— Exercise brief —
Reproduce, character for character, the entries from their opening line through the line with "The Tree Company".

— Dataset items —
◆ ◆ ◆ ◆
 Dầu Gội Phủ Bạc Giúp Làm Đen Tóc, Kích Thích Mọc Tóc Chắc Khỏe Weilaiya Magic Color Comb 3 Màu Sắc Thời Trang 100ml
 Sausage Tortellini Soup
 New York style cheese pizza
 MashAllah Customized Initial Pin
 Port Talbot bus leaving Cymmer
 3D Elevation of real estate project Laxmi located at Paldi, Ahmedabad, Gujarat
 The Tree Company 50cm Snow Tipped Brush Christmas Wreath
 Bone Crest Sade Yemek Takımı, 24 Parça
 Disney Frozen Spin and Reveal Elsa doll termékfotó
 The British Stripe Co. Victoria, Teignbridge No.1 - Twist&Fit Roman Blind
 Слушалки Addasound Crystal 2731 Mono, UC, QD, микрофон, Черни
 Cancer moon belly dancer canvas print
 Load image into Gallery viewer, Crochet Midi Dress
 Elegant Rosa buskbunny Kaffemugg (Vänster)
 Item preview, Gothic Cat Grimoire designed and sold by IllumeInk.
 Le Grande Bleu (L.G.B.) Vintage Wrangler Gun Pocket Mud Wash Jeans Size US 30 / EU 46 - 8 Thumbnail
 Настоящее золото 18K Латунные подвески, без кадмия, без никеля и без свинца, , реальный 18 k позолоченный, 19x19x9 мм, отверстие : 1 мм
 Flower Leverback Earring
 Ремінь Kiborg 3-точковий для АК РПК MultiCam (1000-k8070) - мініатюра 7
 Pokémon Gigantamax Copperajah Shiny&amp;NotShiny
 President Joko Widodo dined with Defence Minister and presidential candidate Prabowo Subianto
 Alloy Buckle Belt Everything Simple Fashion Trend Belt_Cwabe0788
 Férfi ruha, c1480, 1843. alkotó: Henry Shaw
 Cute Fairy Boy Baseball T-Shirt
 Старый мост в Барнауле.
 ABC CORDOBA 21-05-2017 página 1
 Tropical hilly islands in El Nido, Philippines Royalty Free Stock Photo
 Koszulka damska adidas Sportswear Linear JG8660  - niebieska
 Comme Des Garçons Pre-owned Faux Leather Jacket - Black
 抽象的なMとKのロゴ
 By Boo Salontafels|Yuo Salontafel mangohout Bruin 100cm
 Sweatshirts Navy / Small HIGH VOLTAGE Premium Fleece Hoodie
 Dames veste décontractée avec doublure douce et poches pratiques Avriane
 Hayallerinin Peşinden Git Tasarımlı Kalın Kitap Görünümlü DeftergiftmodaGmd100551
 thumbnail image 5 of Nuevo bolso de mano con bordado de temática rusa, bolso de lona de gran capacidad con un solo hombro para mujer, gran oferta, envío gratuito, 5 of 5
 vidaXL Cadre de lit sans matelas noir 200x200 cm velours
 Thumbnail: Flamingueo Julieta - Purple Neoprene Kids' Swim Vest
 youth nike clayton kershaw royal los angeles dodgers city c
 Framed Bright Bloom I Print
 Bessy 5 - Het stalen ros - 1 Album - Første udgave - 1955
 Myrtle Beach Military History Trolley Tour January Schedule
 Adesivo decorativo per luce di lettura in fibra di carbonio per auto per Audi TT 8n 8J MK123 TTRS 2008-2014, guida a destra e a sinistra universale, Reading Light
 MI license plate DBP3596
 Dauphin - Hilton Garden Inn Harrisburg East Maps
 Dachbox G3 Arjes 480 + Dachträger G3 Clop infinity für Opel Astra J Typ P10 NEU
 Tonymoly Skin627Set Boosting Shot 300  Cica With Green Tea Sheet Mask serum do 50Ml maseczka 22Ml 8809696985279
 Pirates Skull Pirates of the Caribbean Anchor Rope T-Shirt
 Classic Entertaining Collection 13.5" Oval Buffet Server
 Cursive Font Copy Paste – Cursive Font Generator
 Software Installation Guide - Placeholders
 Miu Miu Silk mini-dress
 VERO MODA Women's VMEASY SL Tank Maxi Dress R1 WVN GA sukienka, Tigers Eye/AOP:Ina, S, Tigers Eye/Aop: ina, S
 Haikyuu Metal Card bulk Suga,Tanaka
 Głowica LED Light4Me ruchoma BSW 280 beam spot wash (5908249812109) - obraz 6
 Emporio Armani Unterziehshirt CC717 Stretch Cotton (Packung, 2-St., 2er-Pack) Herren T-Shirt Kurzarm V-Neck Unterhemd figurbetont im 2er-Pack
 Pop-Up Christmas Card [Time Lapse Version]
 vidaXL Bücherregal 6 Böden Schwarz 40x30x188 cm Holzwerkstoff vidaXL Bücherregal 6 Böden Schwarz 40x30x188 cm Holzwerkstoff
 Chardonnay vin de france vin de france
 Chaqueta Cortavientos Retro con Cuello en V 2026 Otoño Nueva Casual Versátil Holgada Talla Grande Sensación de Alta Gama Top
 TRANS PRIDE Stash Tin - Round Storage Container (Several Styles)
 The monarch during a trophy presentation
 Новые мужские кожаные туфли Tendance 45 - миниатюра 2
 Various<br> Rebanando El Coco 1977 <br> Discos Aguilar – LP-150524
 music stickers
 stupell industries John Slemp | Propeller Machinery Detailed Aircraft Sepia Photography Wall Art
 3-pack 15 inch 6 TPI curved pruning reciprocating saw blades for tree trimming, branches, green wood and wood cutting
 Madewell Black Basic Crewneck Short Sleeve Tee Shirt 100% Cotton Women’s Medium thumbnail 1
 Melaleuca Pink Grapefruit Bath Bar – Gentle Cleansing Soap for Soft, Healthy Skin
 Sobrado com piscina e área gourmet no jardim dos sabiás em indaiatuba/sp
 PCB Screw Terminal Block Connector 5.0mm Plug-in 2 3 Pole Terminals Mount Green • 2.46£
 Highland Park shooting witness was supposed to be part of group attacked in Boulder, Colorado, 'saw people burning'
◆ ◆ ◆ ◆
— Result of the exercise —
 Dầu Gội Phủ Bạc Giúp Làm Đen Tóc, Kích Thích Mọc Tóc Chắc Khỏe Weilaiya Magic Color Comb 3 Màu Sắc Thời Trang 100ml
 Sausage Tortellini Soup
 New York style cheese pizza
 MashAllah Customized Initial Pin
 Port Talbot bus leaving Cymmer
 3D Elevation of real estate project Laxmi located at Paldi, Ahmedabad, Gujarat
 The Tree Company 50cm Snow Tipped Brush Christmas Wreath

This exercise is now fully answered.